* YOUR GOAL
Copy out, from the entries below, each line that holds the string "Audi".

┄┄┄┄┄┄

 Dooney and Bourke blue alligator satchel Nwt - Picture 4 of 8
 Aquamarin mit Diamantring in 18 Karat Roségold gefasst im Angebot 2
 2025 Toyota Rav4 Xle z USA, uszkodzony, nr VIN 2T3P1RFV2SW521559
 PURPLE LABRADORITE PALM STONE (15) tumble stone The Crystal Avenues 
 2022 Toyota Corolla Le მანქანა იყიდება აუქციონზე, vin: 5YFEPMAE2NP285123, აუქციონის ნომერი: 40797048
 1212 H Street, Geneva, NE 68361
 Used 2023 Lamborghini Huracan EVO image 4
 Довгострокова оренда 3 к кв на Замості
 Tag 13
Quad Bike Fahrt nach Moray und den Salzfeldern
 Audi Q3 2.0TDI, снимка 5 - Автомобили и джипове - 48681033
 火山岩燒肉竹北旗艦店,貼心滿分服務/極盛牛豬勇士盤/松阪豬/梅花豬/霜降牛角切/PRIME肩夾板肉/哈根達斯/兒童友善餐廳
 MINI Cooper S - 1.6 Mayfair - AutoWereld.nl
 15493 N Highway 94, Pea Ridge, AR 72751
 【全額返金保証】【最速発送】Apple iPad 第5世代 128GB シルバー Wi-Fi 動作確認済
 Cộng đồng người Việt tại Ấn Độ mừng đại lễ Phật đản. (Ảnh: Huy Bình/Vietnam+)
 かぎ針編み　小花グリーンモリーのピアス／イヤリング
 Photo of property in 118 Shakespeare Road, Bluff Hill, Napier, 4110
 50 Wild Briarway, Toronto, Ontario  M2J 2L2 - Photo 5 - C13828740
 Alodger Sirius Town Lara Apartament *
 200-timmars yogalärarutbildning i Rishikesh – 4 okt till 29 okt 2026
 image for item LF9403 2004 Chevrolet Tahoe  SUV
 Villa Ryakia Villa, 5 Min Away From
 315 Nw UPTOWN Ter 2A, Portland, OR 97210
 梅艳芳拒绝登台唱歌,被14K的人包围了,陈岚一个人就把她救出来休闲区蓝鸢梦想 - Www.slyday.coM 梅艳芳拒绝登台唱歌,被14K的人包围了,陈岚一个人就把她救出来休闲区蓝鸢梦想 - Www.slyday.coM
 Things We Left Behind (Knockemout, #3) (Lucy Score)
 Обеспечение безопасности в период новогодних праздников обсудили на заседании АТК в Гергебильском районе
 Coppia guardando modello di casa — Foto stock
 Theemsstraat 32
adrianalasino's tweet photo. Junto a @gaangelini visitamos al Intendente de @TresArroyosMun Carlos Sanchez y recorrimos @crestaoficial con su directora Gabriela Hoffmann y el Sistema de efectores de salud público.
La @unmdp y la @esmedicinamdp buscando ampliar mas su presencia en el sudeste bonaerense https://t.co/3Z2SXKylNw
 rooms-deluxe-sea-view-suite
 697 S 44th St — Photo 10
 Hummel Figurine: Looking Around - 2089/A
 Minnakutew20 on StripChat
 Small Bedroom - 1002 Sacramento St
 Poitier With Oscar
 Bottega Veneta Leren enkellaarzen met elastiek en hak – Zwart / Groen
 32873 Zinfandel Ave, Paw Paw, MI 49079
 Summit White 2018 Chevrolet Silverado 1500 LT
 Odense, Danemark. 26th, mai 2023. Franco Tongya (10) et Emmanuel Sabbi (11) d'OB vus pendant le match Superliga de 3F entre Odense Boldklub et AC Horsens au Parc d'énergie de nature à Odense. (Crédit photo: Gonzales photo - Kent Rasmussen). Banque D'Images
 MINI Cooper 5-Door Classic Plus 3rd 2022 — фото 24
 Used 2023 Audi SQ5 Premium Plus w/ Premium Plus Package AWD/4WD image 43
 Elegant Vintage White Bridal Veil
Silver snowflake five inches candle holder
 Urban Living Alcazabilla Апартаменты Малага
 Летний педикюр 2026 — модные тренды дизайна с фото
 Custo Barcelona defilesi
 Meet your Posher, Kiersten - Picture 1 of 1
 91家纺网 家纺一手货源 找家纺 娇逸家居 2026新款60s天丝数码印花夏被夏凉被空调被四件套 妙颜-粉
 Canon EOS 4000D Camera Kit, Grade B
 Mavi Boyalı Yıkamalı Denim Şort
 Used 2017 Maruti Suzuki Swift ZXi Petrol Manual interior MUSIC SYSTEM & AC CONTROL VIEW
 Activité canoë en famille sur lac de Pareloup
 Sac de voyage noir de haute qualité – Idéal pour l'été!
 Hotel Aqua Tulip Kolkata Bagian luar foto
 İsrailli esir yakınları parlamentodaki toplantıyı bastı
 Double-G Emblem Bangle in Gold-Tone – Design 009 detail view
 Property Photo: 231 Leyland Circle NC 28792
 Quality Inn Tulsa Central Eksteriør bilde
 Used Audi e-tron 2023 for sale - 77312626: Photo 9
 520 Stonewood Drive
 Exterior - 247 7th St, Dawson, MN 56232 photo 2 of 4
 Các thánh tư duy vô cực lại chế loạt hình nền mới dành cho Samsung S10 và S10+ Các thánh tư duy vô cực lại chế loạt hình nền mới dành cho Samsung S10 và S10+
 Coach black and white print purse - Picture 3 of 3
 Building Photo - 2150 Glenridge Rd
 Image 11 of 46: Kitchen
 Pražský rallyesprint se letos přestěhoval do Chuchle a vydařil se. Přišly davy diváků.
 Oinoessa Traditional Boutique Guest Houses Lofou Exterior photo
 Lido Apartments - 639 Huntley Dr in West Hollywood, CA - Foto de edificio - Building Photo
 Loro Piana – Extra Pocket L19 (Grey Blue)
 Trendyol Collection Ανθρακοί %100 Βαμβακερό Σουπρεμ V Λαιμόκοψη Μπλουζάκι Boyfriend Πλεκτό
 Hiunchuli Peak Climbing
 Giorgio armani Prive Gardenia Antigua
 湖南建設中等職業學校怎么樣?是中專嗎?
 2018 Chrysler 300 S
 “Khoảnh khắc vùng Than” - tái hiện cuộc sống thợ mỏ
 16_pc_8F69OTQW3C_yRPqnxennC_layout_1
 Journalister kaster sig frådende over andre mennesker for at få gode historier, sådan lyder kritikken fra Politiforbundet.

┄┄┄┄┄┄

* WRITTEN RESPONSE
 Audi Q3 2.0TDI, снимка 5 - Автомобили и джипове - 48681033
 Used 2023 Audi SQ5 Premium Plus w/ Premium Plus Package AWD/4WD image 43
 Used Audi e-tron 2023 for sale - 77312626: Photo 9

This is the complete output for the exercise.